**Directions for this task**
The entries that follow should come back exactly, with no pictures among them.

[Image-text web data]
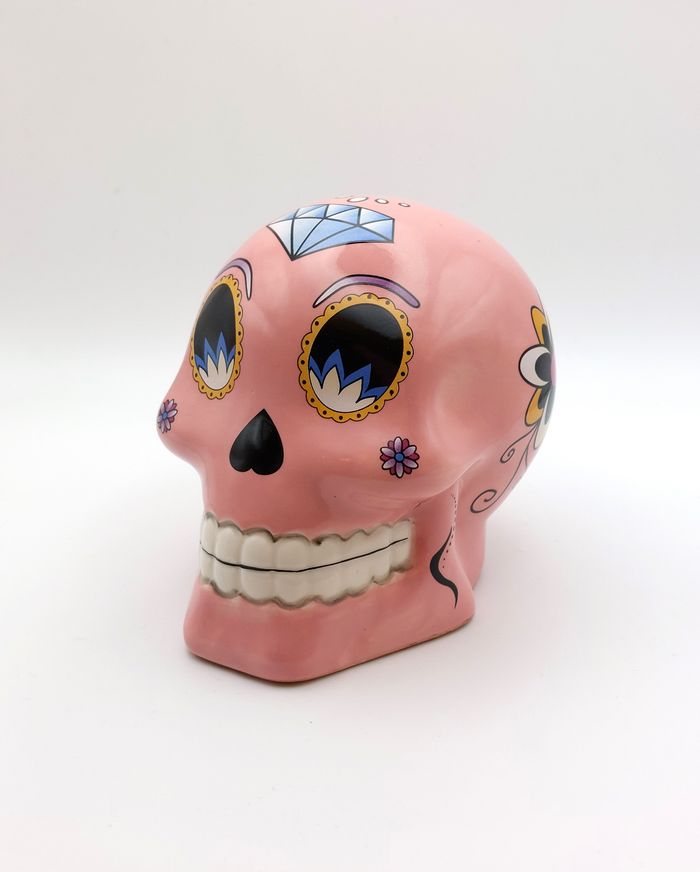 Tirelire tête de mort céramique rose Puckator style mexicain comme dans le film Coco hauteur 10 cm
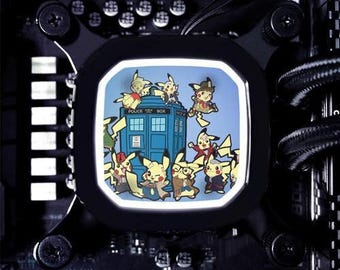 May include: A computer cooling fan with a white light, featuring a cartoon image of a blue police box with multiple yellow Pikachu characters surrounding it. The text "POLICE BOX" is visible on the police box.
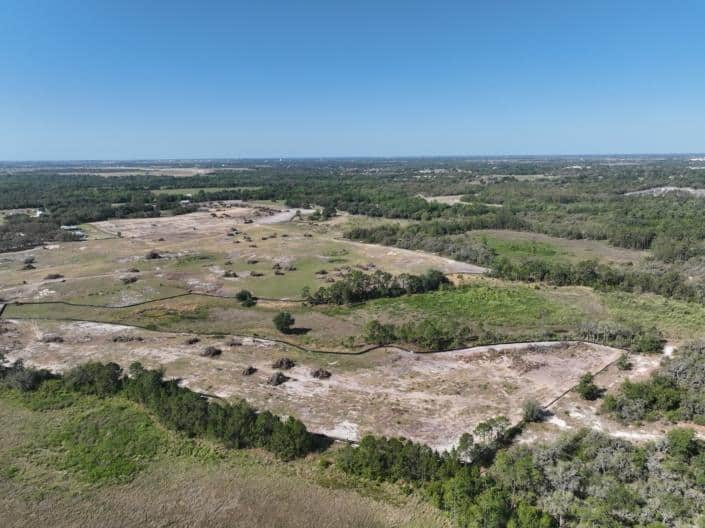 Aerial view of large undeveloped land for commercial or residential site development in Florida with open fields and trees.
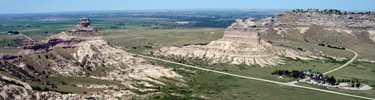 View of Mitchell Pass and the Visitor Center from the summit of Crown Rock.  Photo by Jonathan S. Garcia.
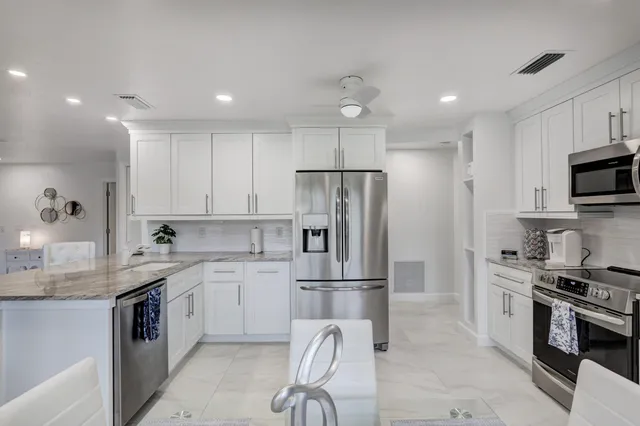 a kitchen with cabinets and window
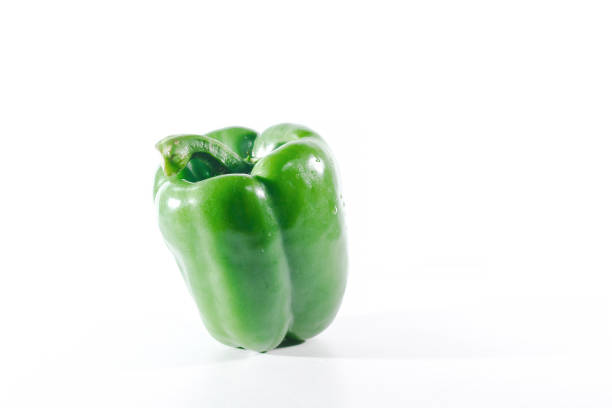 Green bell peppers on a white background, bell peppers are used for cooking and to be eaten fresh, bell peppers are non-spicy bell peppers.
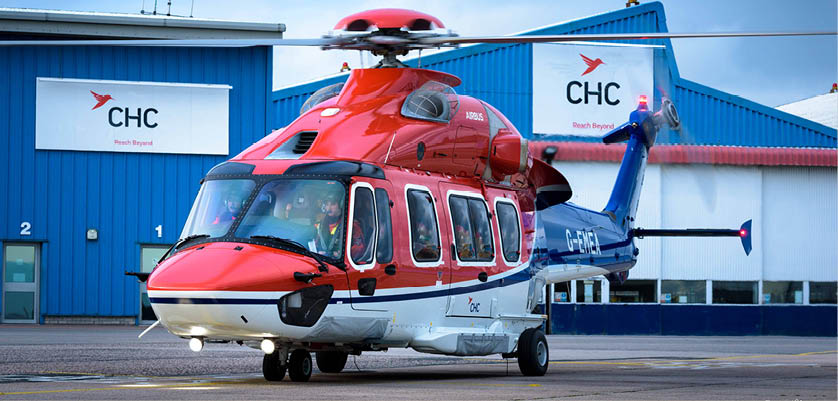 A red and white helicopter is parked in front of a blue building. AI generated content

**Answer to the problem**
 Tirelire tête de mort céramique rose Puckator style mexicain comme dans le film Coco hauteur 10 cm
 May include: A computer cooling fan with a white light, featuring a cartoon image of a blue police box with multiple yellow Pikachu characters surrounding it. The text "POLICE BOX" is visible on the police box.
 Aerial view of large undeveloped land for commercial or residential site development in Florida with open fields and trees.
 View of Mitchell Pass and the Visitor Center from the summit of Crown Rock.  Photo by Jonathan S. Garcia.
 a kitchen with cabinets and window
 Green bell peppers on a white background, bell peppers are used for cooking and to be eaten fresh, bell peppers are non-spicy bell peppers.
 A red and white helicopter is parked in front of a blue building. AI generated content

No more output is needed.